History of Ranthambhore Fort and Sawai Madhopur
The oldest settlement in the area near Sawai Madhopur was around the Ranthambhore fort. The exact origin of the Ranthambore fort is still disputed but it is generally accepted that there was a settlement at the site of the Fort, as far back as the 8th century A.D. It is widely believed that the construction of the Ranthambhore Fort was started during the reign of the Chauhan rajput King Sapaldaksha in 944 AD. Another theory stipulates that King Jayant, also a Chauhan rajput, built the Ranthambore Fort during 1110 AD. It is most likely that the construction of the fort commenced during the mid 10th Century A.D. and continued for a few centuries after that.

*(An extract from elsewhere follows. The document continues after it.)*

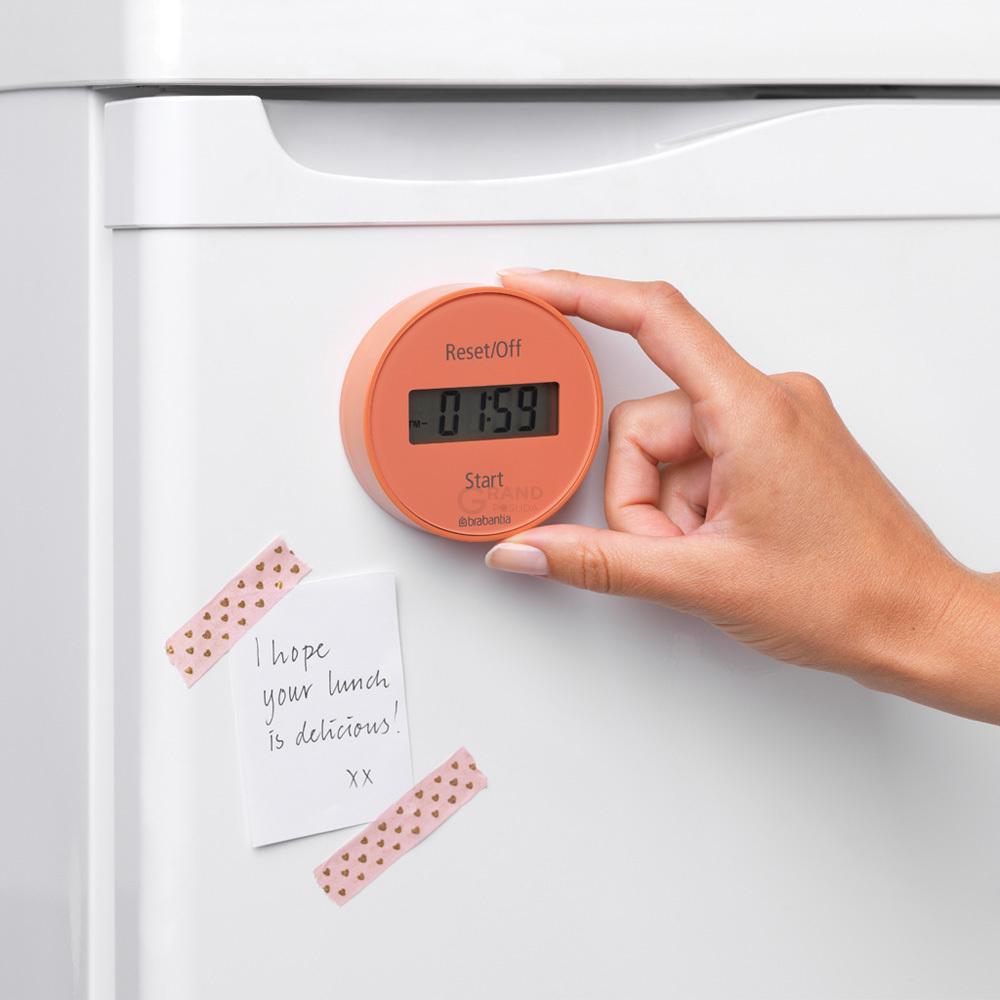 Brabantia Таймер кухонный на магните 7,6х7,6х2,5 см красный Tasty Colours Plus | https://grandposuda.com.ua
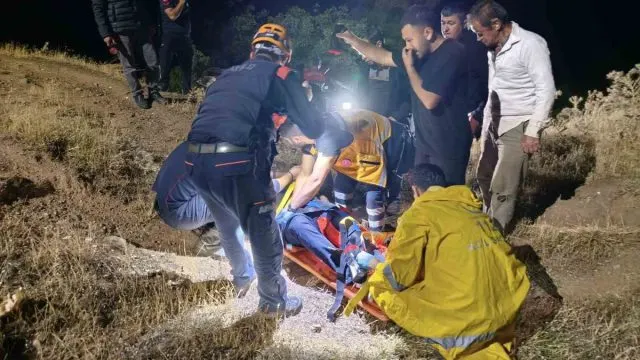 Aydın Efeler’de Otomobil Uçuruma Devrildi: 1 Yaralı Kurtarıldı Aydın Efeler’de Otomobil Uçuruma Devrildi: 1 Yaralı Kurtarıldı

Since, the Ranthambhore Fort controlled the trade routes between North India and Central India, it was highly coveted by the rulers of North India. The Ranthambore Fort had its golden moments during the reign of the king Rao Hammir, the last ruler of the Chauhan dynasty (1282 - 1301 AD). During 1300 AD, Ala-ud-din Khilji, the ruler of Delhi sent his army to capture the Fort. After three unsuccessful attempts, his army finally conquered the Ranthambhore Fort in 1301 and ended the reign of the Chauhans. In the next three centuries the Ranthambore Fort changed hands a number of times, till Akbar, the great Mughal emperor, finally took over the Fort and dissolved the State of Ranthambore in 1558. The fort stayed in the possession of the Mughal rulers till the mid 18th century.
During the mid 18th century, the Maratha rulers of Western India were gradually increasing their influence in this region. In order to check the growing influence of the Marathas, Sawai Madho Singh, the ruler of Jaipur state, unsuccessfully, requested the Mughal emperor to hand over the Ranthambhore fort to him. In 1763, Sawai Madho Singh fortified the nearby village of Sherpur and renamed it Sawai Madhopur. This town, which is now commonly known as the "Sawai Madhopur City", lies in a narrow valley between two parallel hills, at the South Western edge of the Ranthambhore National Park. Two years later, the Mughals handed over the fort to the Jaipur state.
During the end of the British Raj, Sawai Man Singh, the last ruler of Jaipur state, got a railway link constructed between Jaipur and Sawai Madhopur. A railway station was built about 4 kilometers away from the Sawai Madhopur town. Gradually, a small settlement came up around the railway station. This twin of Sawai Madhopur, known as "Man Town", has now outgrown the older "City".